Appropriate social policy responses, as far as I can see, will be to develop systems and services that will be resilient in the face of decreased energy consumption. In other words, when we design social responses to poverty, ill health, etc., we need to consider how feasible they will be given two or three reasonable scenarios for the next 20 years. That would include the necessity of educational systems that are based around neighbourhoods within walking distance, increased use of online communication to replace travel, etc. Depending on the severity of the scenarios we may need to use railways for food delivery in urban areas, supplemented by urban agriculture, and build community services around those activities.
Friday, June 26th, 2009
A New York Times article about Dr Kessler, the former head of the FDA, on how the food industry has engineered food to literally make it irresistible. Kessler is recommending a social shift in how we deal with ‘hyperpalatable foods’ in the same way that society stopped tolerating cigarette smoking. In this online speech about the neurology of eating, he describes how prepared foods are designed to elicit over-eating. Individuals are not able to resist the conditioning alone; as a society ‘we should be saying that this is a deadly, disgusting product’. It’s a fundamental public policy issue.
Friday, June 26th, 2009
Wired has pulled together a set of recommendations for transparency of government data in response to the Obama administration’s policy of open government.
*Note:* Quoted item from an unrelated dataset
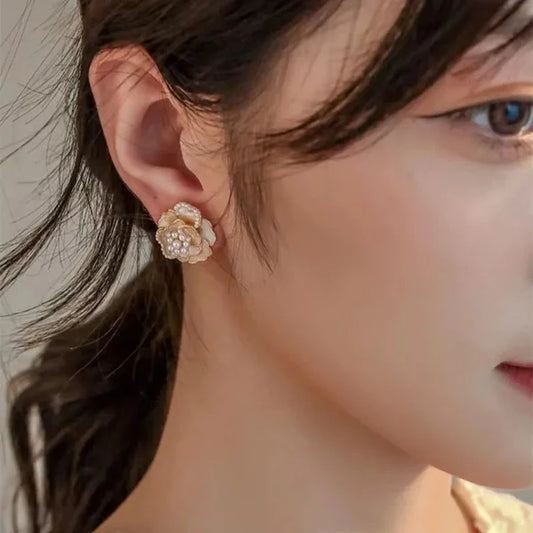 WHITE ROSE EARRINGS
The article includes ‘models for opening and using government data’, including:
Socrata
Socrata is a social data discovery site which hosts lots of government datasets with a simple appealing UI to browse, search and analyze the data.
Infochimps.org
Infochimps is dedicated to finding and hosting free, redistributable datasets. It’s a simple but absolutely enormous mission. So far, they’ve got thousands waiting for you to use.
Sunlight Labs’ Apps for America
Sunlight Labs is an organization dedicated to “turning government data into useful information.” They are currently hosting an Apps for America contest to design web services that promote transparency in Congress.
Monday, June 15th, 2009
From Tech Crunch:
A coalition of non-profit organizations, technology developers, designers, marketers and others has unveiled the alpha version of a new Web service dubbed All for Good
in an effort to build some sort of ‘Craigslist for volunteer services’. …
All for Good basically lets you browse volunteer activities and find related events based on your geographical location and/or interests. The site brings together listings from organizations and local groups to help you find volunteer activities that fit your time and talent. If you ‘like’ a certain item, you can share it with your friends across various social networking services, hopefully spawning more attention and the possibility for the activity or event to spread virally within your network.
It’s not clear why the group behind All for Good didn’t work with existing sites such as volunteermatch.org, but it looks like their approach is to facilitate data sharing among many different sites and social networking tools rather than compete head to head with any of them.
There are already some Canadian listings that may have been scraped from other sites.